-- Opening Marker --
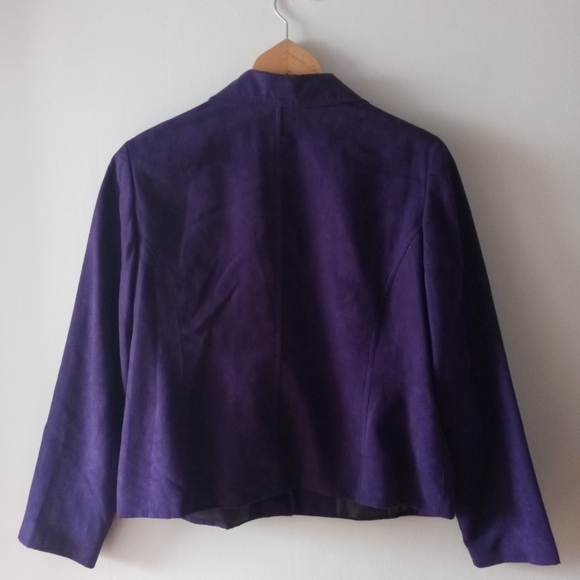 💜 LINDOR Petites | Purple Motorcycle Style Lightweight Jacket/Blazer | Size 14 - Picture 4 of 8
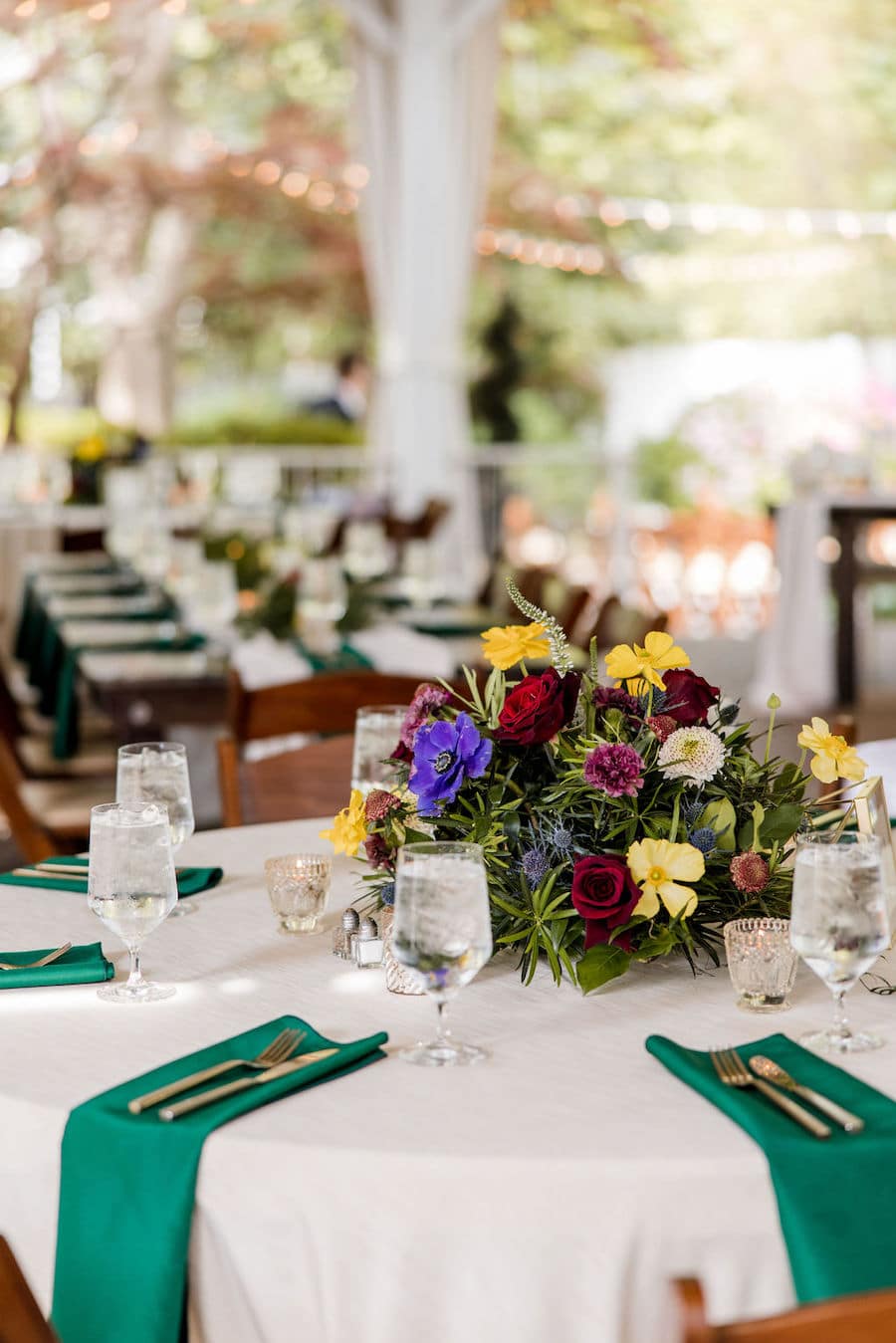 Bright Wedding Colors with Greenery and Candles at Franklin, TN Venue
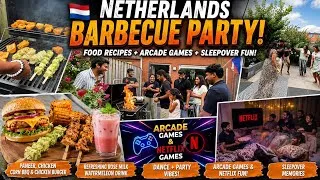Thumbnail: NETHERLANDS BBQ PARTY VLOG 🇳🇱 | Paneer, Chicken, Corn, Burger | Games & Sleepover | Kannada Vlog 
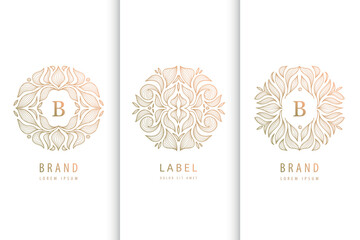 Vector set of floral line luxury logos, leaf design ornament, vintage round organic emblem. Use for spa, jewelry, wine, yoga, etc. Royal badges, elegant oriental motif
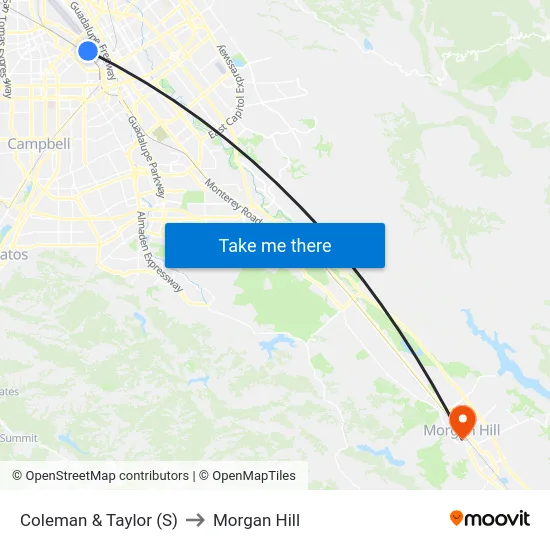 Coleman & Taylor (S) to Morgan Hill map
-- Closing Marker --
-- Opening Marker --
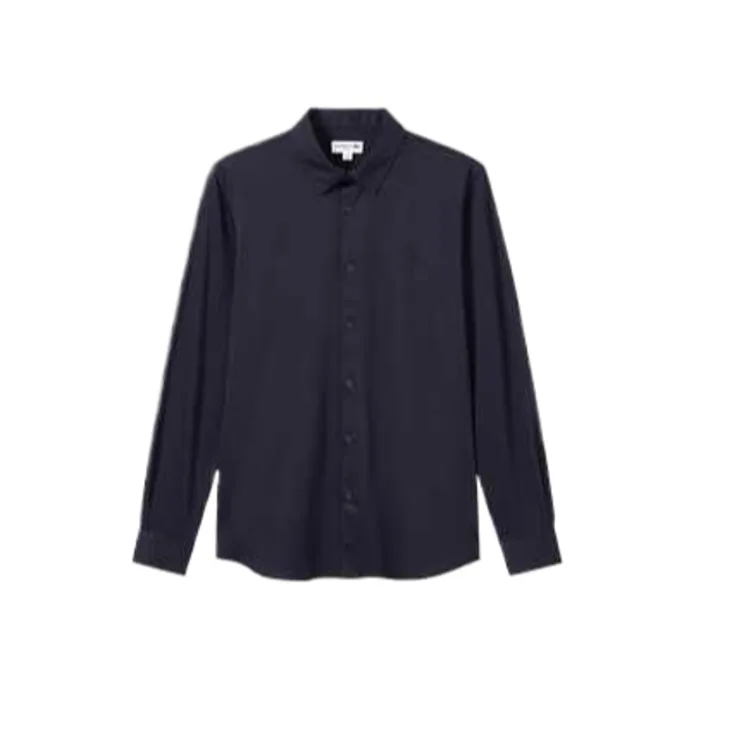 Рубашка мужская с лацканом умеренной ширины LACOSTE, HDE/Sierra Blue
-- Closing Marker --
#### What you need to do:
Going by the entries above, repeat exactly the lines that start at the line with "Picture 4 of 8" and go on through the line with "Coleman & Taylor (S) to Morgan Hill map". Pictures are not part of the copy.

#### The completed task:
 💜 LINDOR Petites | Purple Motorcycle Style Lightweight Jacket/Blazer | Size 14 - Picture 4 of 8
 Bright Wedding Colors with Greenery and Candles at Franklin, TN Venue
Thumbnail: NETHERLANDS BBQ PARTY VLOG 🇳🇱 | Paneer, Chicken, Corn, Burger | Games & Sleepover | Kannada Vlog 
 Vector set of floral line luxury logos, leaf design ornament, vintage round organic emblem. Use for spa, jewelry, wine, yoga, etc. Royal badges, elegant oriental motif
 Coleman & Taylor (S) to Morgan Hill map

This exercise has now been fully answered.